Dua peristiwa itu, kata Ning Sasa, datang beriringan dengan momentum Hari Santri seolah menjadi pengingat bahwa menjadi santri bukan hanya soal sarung dan kitab. “Tapi juga soal keteguhan hati, kesabaran, dan akhlak dalam menghadapi ujian zaman,” tuturnya.

Ning Sasa menilai, santri masa kini hidup di dua dunia dunia nyata dan dunia digital. Karena itu, tantangan mereka tidak lagi terbatas pada kehidupan pondok, melainkan juga di ruang publik, terutama media sosial.
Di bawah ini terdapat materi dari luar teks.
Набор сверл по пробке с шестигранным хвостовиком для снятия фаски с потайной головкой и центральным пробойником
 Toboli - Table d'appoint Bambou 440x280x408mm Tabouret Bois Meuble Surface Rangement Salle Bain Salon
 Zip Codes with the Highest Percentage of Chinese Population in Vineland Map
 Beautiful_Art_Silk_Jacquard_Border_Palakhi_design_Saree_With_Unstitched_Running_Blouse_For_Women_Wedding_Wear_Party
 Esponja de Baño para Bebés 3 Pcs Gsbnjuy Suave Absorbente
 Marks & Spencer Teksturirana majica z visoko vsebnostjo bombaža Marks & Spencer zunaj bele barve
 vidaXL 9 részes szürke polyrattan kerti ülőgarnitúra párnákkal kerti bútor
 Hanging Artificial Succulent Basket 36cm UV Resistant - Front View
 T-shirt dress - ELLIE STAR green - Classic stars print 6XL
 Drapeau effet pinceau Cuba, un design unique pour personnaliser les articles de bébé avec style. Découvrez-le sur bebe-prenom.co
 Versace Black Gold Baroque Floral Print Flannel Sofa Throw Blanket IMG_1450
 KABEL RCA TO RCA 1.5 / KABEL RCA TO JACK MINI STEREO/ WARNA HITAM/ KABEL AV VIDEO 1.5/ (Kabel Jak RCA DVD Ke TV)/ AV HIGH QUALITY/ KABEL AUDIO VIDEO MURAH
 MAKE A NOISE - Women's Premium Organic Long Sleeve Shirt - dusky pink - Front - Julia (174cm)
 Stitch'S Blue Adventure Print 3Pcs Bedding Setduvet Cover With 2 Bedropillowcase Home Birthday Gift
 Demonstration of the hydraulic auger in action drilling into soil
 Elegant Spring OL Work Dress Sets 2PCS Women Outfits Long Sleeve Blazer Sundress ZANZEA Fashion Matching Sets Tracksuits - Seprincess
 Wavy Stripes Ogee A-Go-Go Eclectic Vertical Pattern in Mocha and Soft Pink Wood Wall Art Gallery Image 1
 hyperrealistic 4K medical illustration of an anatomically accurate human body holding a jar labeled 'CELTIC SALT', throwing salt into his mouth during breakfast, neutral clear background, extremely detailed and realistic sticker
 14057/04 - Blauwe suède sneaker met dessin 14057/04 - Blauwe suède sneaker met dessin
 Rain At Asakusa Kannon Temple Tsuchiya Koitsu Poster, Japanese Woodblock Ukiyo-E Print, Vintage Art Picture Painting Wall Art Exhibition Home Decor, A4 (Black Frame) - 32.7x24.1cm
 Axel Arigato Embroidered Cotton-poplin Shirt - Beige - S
“Ketika pesantren difitnah, kiai dihina, atau ada isu yang digoreng di media sosial, jangan kita ikut terbakar amarah. Kita jawab dengan tabayyun, dengan akhlak, dengan cara para kiai tenang, tapi tegas,” ujarnya.

Sebagai Sekretaris Fraksi PKB DPRD Lampung, Ning Sasa mengaku prihatin terhadap sebagian media yang dinilainya kurang sensitif terhadap nilai-nilai pesantren.

Namun, ia menegaskan bahwa menjaga marwah pesantren kini menjadi tanggung jawab kolektif santri di era digital.

“Tugas santri sekarang bukan hanya ngaji, tapi juga menjaga marwah pesantren di ruang publik, termasuk di media sosial,” katanya.

Ia menambahkan, Hari Santri kali ini menjadi ujian bagi mental dan adab para santri.

“Apakah kita ikut marah dan membalas caci, atau tetap memegang adab dan menebar kedamaian di situlah ukuran santri sejati,” ujarnya.

Menutup perbincangan, Ning Sasa mengutip pesan klasik dari para kiai: ilmu tanpa adab adalah bencana.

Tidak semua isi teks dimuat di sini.